Verkehrsminister Michael Groschek will Verkehrssündern in den Lkw-Sperren noch stärker an den Kragen. Er hat mit der Landesregierung beim Bundesrat den neuen Bußgeldtatbestand einer "vorsätzlichen Gefährdung einer volkswirtschaftlich unverzichtbaren Infrastruktur" beantragt. "Um wirklich die schwarzen Schafe abzuschrecken, brauchen wir Bußgelder in einer Größenordnung von 1000 Euro", sagt der SPD-Politiker.

So liefen die Schweißarbeiten an der Leverkusener Brücke FOTO: Straßen.NRW

Dieses Bußgeld soll dann nicht nur an der Leverkusener Rheinbrücke fällig werden, sondern bundesweit überall dort, wo marode Brücken für Lastwagen gesperrt werden müssen. Voraussichtlich am 14. Oktober wird der Bundesrat über die Änderung des Bußgeld-Katalogs entscheiden. Dann muss dem noch die Bundesregierung zustimmen.

Schon jetzt bekommt der Landesbetrieb Straßen NRW fast täglich Anrufe von Bürgern. "Insbesondere Wohnmobilbesitzer wollen wissen, ob sie durch die Sperren kommen", berichtet Straßen-NRW-Sprecher Timo Stoppacher. "Viele dieser Fahrzeuge sind aber leider mit Außenspiegel 2,35 Meter breit, also zu breit für die Schrankenanlage." Den Anrufern könne er dann nur - wie den Lkw-Fahrern - raten, entweder über die A4 im Kölner Süden oder über die A46 bei Düsseldorf den Rhein zu queren. 

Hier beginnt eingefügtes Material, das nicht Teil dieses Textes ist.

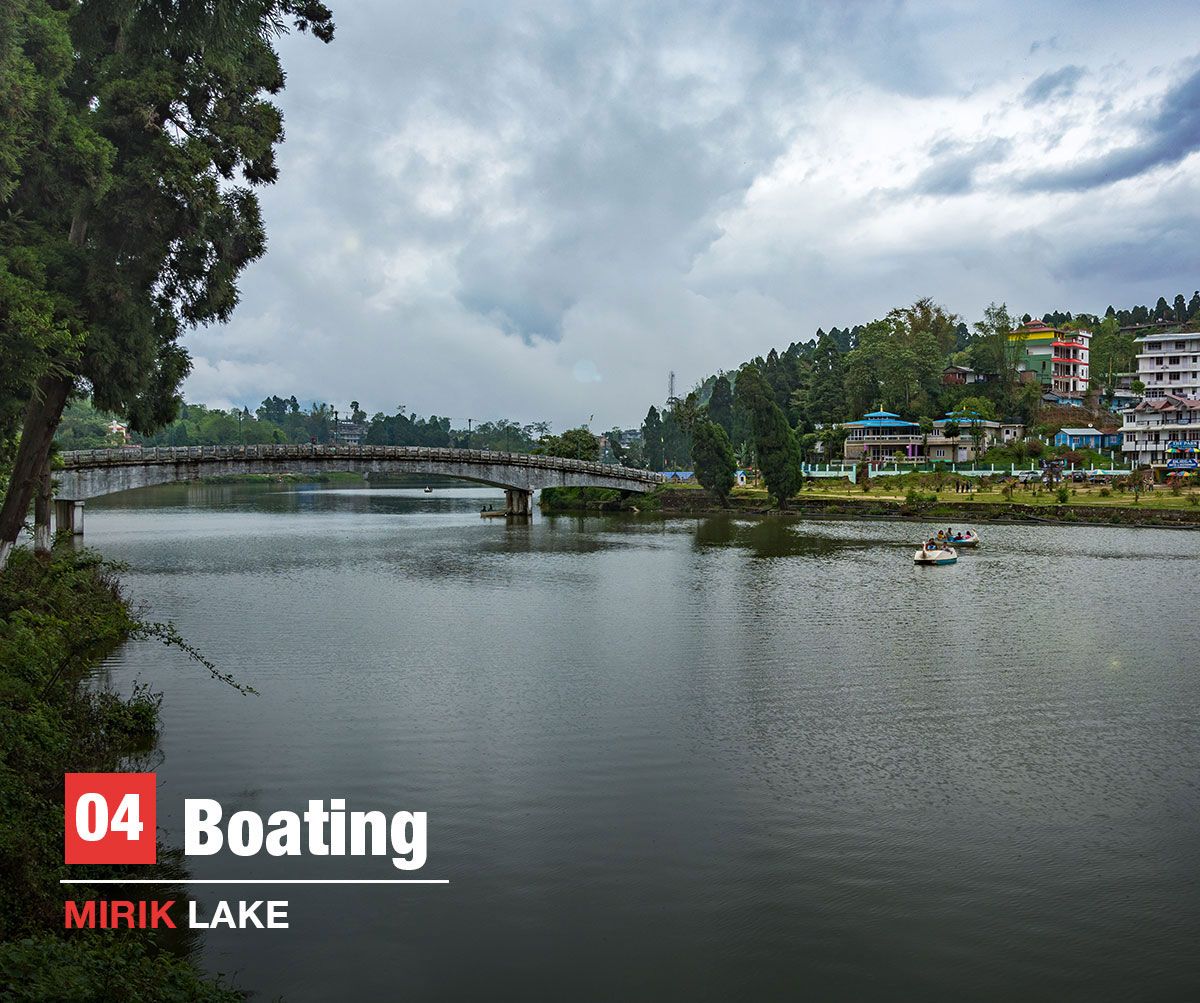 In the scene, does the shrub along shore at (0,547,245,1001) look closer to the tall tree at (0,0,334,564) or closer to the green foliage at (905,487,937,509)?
the tall tree at (0,0,334,564)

Das praktiziert die Leverkusener Spedition Niesen seit dem 16. Juni 2014, als die A1-Brücke für Lastwagen mit mehr als 3,5 Tonnen gesperrt wurde. "Mit unseren Sprintern kommen wir noch rüber", berichtet Speditions-Abteilungsleiter Markus Kalcker. "Aber das sind nur zehn von 60 Fahrzeugen." Bei mehrtägigen Einsätzen lasse man die großen Fahrzeuge gleich auf der Kölner Rheinseite stehen, um nicht täglich die Umwege fahren zu müssen.

"Durch die Sperren wird es sicherlich zu noch mehr Staus kommen", ist Kalcker überzeugt. Dass nach wie vor bis zu 150 Lkw-Fahrer täglich das Überfahrtsverbots missachten, kann er sich nur mit Verständigungsproblemen erklären. "Es sind hier ja viele ausländische Fahrer unterwegs. Das erste Mal schafft man es vermutlich nicht, sich sofort richtig zu orientieren." Möglicherweise wären noch deutlichere Schilder hilfreich. Zum Beispiel Schilder mit durchgestrichenen Lastwagen. Bislang ist auf den Schildern immer nur ein Pkw abgebildet. 

Nach der ersten Lkw-Sperre, die am Donnerstag um 10 Uhr in Betrieb genommen wird, sollen drei weitere Sperren bis Ende nächster Woche fertig sein.